Drop every picture, then print the rest of the listing exactly as given.

- _INFORMATION PROVIDED_:
++++++++++

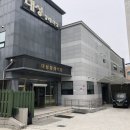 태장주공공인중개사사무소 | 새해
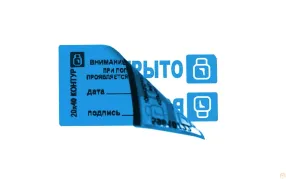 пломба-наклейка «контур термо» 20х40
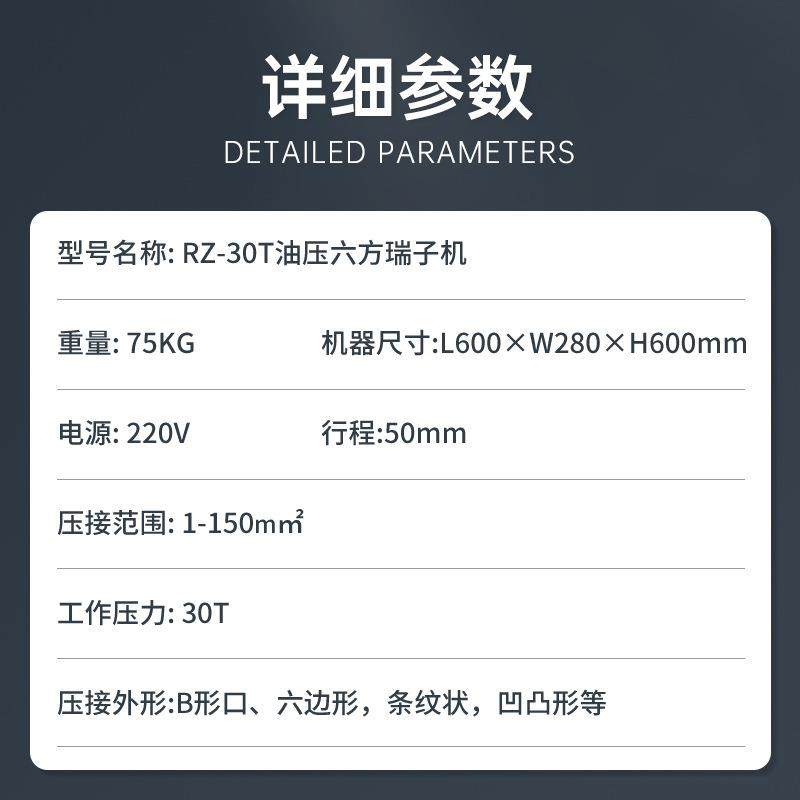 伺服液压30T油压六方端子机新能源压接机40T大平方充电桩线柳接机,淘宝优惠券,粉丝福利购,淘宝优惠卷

++++++++++

- _EXPECTED ANSWER_:
 태장주공공인중개사사무소 | 새해
 пломба-наклейка «контур термо» 20х40
 伺服液压30T油压六方端子机新能源压接机40T大平方充电桩线柳接机,淘宝优惠券,粉丝福利购,淘宝优惠卷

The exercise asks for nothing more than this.